Using pipelines for good

05 December 2018
#csharp #dotnet
post image

     Pipelines are essential in optimizing production steps everywhere, but I find a lack of them in many of the places you should expect one, specially in the programming world. You will find them in distributed architectures, but hardly ever inside applications that could benefit from one. That’s usually because they are harder to create in most programming paradigms than the alternative, creating a pipeline framework from the ground up is not something people are confortable with for good reasons.

     Despite all that, it doesn’t need to be hard. The pipelines proposed by the .Net parallel programming guide are really simple and still very effective. From their guide, all you have to do is this:

int seed = ...
int BufferSize = ...
var buffer1 = new BlockingCollection<string>(BufferSize);
var buffer2 = new BlockingCollection<string>(BufferSize);
var buffer3 = new BlockingCollection<string>(BufferSize);

var f = new TaskFactory(TaskCreationOptions.LongRunning, 

var stage1 = f.StartNew(() => ReadStrings(buffer1, ...));
var stage2 = f.StartNew(() => CorrectCase(buffer1, buffer2));
var stage3 = f.StartNew(() => CreateSentences(buffer2, buffer3));
var stage4 = f.StartNew(() => WriteSentences(buffer3));

Task.WaitAll(stage1, stage2, stage3, stage4);

     Create stages and buffers between them, start a thread for each stage and bam. You are done.
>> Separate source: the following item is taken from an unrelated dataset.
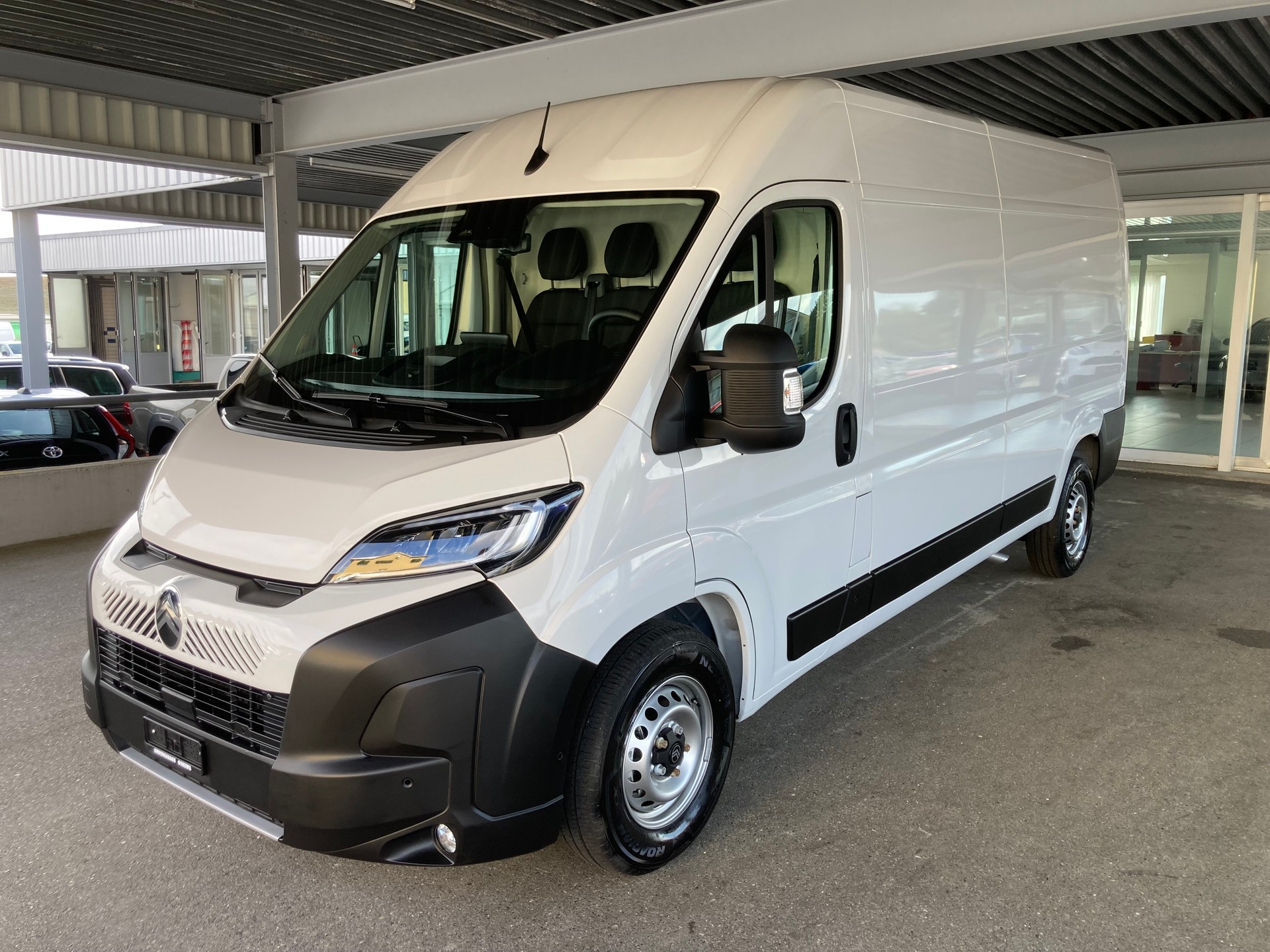 CITROEN Jumper 35+ 2.2 BlueHDi 180 L3H2 Kasten Automat Kasten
From there you can start playing around with adding more threads per stage, handling exceptions, cancellations and so on, as I have done in PIPA. With thousands of hours running in production, PIPA is a generic, pipelined, multithreaded framework/application for any type of batch processing that could benefit from a parallel execution of its components, just define the buffers and stages of the pipeline and you are ready. With it I have been able to execute large ETL workloads with speeds as fast as I could read data from the disk.

     All that just to reiterate how useful pipelines can be even in monolithic instances of applications. Having your data flowing through distributed cloud queues and streams may be great, but that may be an overkill for all workflows, sometimes all you need are better paradigms.